Screw national security, how about search, how about for business and commerce, how about for for culturial exchange and global interaction. The chances of me getting attacked by a terrorist are less than getting hit by lightning, the chances with dealing with foriegn cultures, foriegn business and commerce are rapidly approaching 100%. There are 4 billion people out there who have the potential to mutually benifit from clean communication. Please don't patrinoze me, I'm not too worried about getting nailed by terrorists, but am very bothered by the possibility of having my individual liberties nickeled and dimed to death.
Especially since the system, whilst it will have some quite interesting applications and the research will yield interesting results, can't work. A computer cannot distinguish between a fact and a lie told as fact...garbage in, and all that.
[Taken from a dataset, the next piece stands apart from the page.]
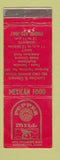 Matchbook Cover - Pepper Mill Sacramento CA restaurant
Let me rephrase that with an example:
'I am ten years old' and 'I am twenty years old'. Which is fact, which is lie? Better yet: 'we believe Iraq has WMD' versus 'we beleive Iraq has no WMD'. No matter what algorythms or heuristics you throw at this, all a computer at most can tell you is 'sometimes when used in conjunction with this phrase, the statement is false'...but that helps you IN NO WAY, because it means the statement can also be true...the indicator means nothing...you get as many false positives as false negatives...hell, even a ratio would be meaningless in intelligence gathering.
-- Waht? Tehr's a preveiw buottn?
You mean it was not the computers that voted for George W Bush? Then who the hell did?
Sent from my ASR33 using ASCII
Information extraction (IE) is a type of information retrieval whose goal is to automatically extract structured or semistructured information from unstructured machine-readable documents. A type of concept extraction that automatically recognizes significant vocabulary items in text documents, such as, names, terms, and expressions.